Exercise
Starting at the line below that contains "How does the", print each line through the end of the records exactly as it appears.

===== Dataset

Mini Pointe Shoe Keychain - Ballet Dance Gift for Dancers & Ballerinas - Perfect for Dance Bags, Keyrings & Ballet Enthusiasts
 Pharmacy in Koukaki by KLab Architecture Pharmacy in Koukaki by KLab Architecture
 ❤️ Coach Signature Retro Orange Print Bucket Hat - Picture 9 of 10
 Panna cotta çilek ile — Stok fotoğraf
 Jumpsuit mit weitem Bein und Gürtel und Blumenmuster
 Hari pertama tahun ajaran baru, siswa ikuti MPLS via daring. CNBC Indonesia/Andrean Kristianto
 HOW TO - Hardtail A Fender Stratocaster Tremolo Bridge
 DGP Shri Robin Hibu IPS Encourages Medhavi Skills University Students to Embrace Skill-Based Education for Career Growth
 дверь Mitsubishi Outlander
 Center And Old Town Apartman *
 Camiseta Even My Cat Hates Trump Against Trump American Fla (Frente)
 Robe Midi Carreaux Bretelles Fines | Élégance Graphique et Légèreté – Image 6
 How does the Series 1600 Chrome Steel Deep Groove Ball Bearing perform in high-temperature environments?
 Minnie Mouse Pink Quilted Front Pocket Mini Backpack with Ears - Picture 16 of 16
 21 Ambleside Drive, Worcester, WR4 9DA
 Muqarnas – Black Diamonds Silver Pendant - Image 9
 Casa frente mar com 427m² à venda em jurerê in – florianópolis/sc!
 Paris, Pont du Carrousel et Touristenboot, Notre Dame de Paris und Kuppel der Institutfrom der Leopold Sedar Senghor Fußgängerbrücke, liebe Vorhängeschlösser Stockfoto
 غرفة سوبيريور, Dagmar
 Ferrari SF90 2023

==========

Task answer
 How does the Series 1600 Chrome Steel Deep Groove Ball Bearing perform in high-temperature environments?
 Minnie Mouse Pink Quilted Front Pocket Mini Backpack with Ears - Picture 16 of 16
 21 Ambleside Drive, Worcester, WR4 9DA
 Muqarnas – Black Diamonds Silver Pendant - Image 9
 Casa frente mar com 427m² à venda em jurerê in – florianópolis/sc!
 Paris, Pont du Carrousel et Touristenboot, Notre Dame de Paris und Kuppel der Institutfrom der Leopold Sedar Senghor Fußgängerbrücke, liebe Vorhängeschlösser Stockfoto
 غرفة سوبيريور, Dagmar
 Ferrari SF90 2023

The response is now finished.